-- Exercise inputs --
==============================

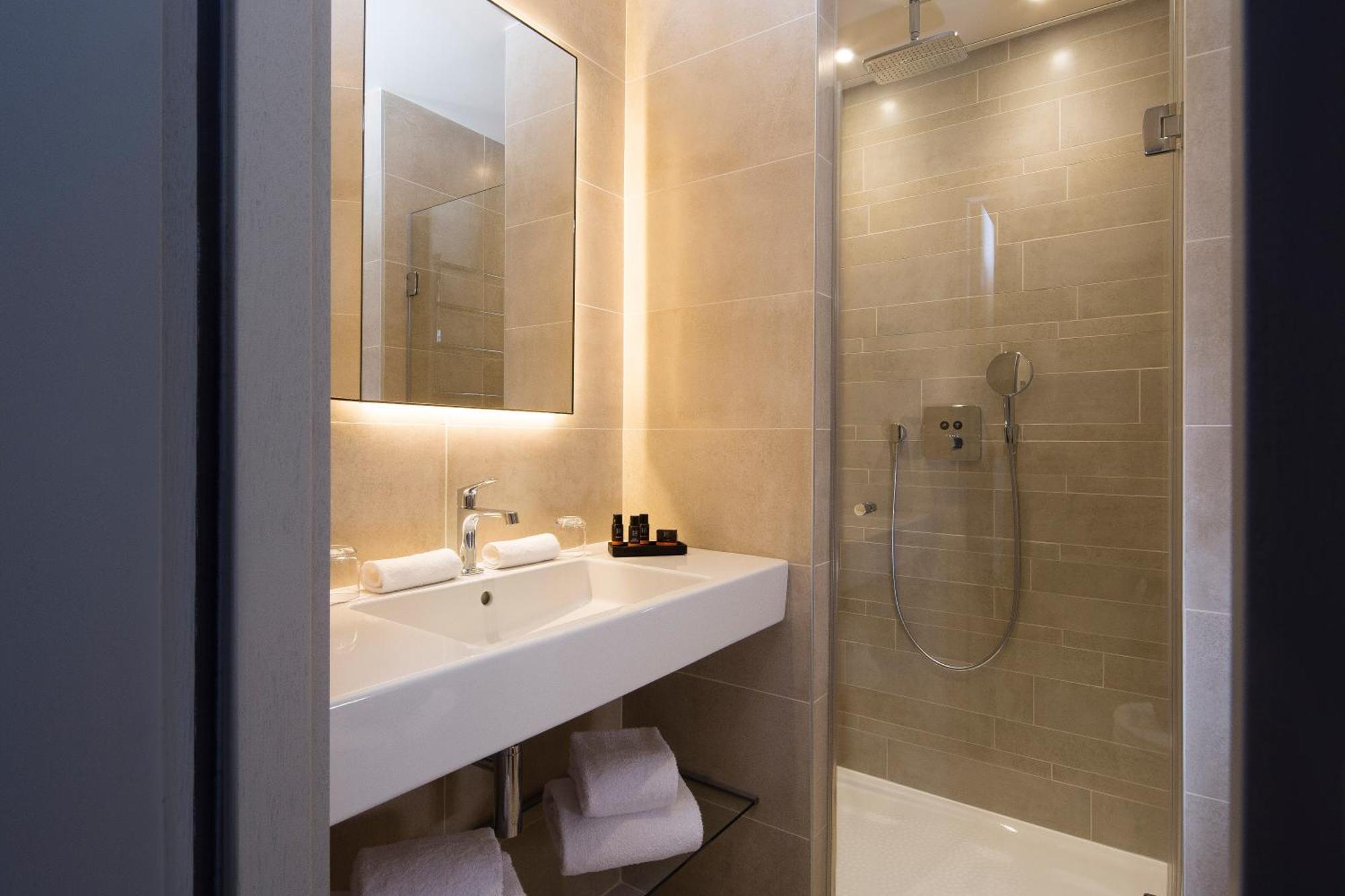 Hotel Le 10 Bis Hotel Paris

==============================

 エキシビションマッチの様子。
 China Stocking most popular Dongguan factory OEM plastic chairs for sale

==============================

-- Description of the task --
Keeping every character as it is, restate the lines above that run from the line with "エキシビションマッチの様子。" through the line with "China Stocking most", both included, and nothing else.

-- Problem solution --
 エキシビションマッチの様子。
 China Stocking most popular Dongguan factory OEM plastic chairs for sale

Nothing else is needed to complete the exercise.